BEGIN

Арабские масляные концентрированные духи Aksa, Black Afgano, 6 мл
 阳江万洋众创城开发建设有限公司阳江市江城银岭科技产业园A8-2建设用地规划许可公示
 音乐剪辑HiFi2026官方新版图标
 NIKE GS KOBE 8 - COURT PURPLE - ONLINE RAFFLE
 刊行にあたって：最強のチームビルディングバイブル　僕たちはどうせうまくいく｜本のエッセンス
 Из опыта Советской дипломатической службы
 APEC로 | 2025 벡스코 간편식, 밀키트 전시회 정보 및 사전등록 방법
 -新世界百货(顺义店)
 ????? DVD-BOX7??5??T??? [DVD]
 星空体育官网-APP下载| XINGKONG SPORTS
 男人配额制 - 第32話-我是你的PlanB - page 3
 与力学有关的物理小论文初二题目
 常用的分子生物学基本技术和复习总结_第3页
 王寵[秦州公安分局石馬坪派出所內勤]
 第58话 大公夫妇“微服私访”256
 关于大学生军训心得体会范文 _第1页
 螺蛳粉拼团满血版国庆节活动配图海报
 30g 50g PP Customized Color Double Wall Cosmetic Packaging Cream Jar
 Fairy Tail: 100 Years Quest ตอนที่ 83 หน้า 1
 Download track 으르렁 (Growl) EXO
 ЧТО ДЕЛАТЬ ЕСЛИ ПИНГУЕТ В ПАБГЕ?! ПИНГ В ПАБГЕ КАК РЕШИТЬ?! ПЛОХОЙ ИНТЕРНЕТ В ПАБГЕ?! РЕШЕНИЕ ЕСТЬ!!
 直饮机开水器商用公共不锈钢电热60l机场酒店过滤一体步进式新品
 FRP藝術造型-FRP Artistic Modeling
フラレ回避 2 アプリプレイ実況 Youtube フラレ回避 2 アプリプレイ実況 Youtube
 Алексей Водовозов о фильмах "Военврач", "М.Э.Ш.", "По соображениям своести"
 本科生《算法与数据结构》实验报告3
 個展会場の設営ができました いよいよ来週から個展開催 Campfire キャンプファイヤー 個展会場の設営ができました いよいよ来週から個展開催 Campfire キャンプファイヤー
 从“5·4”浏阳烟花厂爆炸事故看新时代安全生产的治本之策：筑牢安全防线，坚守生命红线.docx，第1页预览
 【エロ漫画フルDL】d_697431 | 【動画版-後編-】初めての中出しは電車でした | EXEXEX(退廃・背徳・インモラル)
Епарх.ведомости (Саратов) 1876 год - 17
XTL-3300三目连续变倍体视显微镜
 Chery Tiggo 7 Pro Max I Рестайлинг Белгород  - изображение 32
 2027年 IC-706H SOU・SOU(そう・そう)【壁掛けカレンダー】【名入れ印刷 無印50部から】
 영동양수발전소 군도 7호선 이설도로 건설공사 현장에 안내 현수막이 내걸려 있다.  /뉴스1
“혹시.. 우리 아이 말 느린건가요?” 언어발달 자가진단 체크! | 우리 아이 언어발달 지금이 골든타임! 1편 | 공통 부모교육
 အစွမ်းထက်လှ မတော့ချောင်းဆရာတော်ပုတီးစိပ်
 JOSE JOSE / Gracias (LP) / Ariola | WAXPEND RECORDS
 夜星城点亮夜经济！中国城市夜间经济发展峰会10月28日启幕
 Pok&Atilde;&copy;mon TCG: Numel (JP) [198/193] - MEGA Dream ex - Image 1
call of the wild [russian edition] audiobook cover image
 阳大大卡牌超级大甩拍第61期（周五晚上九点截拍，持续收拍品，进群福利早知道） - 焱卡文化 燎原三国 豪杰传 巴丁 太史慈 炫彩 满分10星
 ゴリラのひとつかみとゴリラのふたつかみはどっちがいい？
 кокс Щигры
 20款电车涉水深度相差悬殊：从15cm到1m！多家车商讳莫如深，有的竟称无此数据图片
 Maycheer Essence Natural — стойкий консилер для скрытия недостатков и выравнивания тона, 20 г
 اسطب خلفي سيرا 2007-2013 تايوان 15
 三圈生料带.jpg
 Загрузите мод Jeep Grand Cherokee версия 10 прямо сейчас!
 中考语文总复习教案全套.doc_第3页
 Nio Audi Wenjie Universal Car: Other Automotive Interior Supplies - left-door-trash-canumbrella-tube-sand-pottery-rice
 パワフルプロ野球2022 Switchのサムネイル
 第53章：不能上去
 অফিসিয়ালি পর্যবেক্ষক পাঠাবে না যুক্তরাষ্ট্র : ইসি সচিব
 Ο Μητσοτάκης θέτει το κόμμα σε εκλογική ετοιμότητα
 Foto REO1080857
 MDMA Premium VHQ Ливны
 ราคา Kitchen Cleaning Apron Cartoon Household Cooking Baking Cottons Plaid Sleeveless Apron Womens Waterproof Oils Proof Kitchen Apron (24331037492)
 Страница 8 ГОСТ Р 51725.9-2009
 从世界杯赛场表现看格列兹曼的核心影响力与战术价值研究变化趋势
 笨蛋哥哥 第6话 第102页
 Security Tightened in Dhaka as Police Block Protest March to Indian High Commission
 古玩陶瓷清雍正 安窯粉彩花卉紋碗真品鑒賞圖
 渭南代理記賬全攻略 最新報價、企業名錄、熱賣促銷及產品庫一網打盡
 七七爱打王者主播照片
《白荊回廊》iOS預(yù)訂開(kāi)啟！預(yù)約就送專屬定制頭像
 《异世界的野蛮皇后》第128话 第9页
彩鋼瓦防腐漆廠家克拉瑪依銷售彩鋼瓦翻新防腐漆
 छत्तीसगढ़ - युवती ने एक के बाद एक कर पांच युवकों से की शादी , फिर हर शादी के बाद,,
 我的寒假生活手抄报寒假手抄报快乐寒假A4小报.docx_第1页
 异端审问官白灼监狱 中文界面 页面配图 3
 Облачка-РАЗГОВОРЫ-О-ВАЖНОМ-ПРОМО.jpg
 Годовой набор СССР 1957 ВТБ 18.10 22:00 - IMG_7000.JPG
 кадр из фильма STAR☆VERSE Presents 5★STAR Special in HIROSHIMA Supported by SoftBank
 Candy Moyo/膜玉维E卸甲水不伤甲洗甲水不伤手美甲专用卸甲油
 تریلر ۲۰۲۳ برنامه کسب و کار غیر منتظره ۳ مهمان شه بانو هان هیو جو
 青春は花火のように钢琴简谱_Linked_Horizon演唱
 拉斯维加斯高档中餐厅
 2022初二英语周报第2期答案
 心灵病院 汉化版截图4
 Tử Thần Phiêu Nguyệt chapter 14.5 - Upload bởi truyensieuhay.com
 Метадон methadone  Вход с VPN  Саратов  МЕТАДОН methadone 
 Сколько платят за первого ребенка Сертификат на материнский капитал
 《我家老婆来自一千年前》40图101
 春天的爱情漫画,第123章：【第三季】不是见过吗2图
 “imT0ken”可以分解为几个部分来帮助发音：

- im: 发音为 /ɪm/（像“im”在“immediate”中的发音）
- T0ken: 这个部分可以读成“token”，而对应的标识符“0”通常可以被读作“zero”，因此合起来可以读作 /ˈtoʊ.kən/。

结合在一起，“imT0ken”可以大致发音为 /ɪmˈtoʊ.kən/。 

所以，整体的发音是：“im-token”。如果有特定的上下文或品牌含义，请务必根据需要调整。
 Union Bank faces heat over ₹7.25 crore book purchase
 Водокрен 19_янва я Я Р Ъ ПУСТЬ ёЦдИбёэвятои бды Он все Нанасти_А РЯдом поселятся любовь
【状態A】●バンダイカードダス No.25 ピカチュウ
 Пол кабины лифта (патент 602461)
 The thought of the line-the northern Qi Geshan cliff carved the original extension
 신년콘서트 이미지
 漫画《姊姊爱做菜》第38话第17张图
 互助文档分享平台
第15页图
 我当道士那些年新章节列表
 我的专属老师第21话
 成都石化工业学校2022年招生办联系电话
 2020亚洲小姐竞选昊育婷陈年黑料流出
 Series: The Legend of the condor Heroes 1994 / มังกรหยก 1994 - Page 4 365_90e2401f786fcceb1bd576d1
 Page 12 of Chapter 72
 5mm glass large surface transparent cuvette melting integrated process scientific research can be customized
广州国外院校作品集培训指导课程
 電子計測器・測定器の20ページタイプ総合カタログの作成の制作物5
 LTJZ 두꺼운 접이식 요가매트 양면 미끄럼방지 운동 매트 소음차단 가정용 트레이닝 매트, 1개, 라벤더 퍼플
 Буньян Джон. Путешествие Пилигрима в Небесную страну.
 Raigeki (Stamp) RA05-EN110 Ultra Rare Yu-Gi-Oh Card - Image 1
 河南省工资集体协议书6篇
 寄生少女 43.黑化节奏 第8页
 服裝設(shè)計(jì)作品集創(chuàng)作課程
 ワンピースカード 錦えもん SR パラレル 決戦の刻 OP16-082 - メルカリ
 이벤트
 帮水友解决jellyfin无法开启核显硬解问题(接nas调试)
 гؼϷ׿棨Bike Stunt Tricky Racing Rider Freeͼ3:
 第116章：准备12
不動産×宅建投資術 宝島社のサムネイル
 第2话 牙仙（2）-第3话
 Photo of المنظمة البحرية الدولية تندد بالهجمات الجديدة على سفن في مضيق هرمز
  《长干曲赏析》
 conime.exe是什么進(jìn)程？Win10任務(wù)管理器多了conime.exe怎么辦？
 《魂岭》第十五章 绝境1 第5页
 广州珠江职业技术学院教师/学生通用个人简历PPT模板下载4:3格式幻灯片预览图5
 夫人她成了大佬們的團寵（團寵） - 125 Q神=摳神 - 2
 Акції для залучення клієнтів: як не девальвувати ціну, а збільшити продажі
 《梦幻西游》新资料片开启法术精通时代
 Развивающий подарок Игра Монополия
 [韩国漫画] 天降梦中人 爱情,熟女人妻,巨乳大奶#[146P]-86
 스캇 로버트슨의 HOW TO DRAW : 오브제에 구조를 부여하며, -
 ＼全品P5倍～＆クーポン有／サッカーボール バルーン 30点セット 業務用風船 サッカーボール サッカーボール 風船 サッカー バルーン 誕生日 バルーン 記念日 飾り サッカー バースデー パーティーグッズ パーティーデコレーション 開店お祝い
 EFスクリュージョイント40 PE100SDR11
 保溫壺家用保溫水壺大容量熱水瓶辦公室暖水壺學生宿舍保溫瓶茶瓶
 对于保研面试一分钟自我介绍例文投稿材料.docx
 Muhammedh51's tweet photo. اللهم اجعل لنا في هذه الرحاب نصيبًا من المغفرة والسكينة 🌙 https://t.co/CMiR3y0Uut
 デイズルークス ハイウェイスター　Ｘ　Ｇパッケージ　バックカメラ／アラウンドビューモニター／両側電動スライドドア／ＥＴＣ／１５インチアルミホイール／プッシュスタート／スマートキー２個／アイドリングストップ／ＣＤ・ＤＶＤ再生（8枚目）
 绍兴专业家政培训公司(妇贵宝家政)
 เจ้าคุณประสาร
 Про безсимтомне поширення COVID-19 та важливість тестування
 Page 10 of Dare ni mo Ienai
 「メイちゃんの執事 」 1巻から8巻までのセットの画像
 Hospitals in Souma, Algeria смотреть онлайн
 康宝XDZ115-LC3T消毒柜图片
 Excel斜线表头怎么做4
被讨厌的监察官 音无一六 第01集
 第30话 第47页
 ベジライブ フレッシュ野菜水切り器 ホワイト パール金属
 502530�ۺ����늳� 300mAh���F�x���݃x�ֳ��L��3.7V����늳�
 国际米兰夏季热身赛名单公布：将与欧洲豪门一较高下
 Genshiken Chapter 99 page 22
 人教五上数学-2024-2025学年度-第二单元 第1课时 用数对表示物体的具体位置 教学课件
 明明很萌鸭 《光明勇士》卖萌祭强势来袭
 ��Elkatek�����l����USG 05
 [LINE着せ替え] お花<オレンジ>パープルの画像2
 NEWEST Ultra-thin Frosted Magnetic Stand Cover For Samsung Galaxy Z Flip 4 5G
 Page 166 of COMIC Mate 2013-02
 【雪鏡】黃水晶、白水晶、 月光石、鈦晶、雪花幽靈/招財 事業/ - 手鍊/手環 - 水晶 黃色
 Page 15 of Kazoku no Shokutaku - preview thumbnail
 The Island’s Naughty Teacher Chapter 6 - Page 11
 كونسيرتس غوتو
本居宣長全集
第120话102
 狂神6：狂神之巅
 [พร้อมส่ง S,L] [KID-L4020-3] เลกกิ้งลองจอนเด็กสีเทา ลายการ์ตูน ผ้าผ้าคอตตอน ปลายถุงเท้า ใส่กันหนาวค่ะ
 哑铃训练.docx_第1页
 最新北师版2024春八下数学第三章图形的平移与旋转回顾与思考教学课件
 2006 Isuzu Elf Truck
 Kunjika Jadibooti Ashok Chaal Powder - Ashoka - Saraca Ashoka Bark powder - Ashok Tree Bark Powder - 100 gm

END

Work required:
Please return all lines from the records that hold the word "Ultra".

Task answer:
 Raigeki (Stamp) RA05-EN110 Ultra Rare Yu-Gi-Oh Card - Image 1
 NEWEST Ultra-thin Frosted Magnetic Stand Cover For Samsung Galaxy Z Flip 4 5G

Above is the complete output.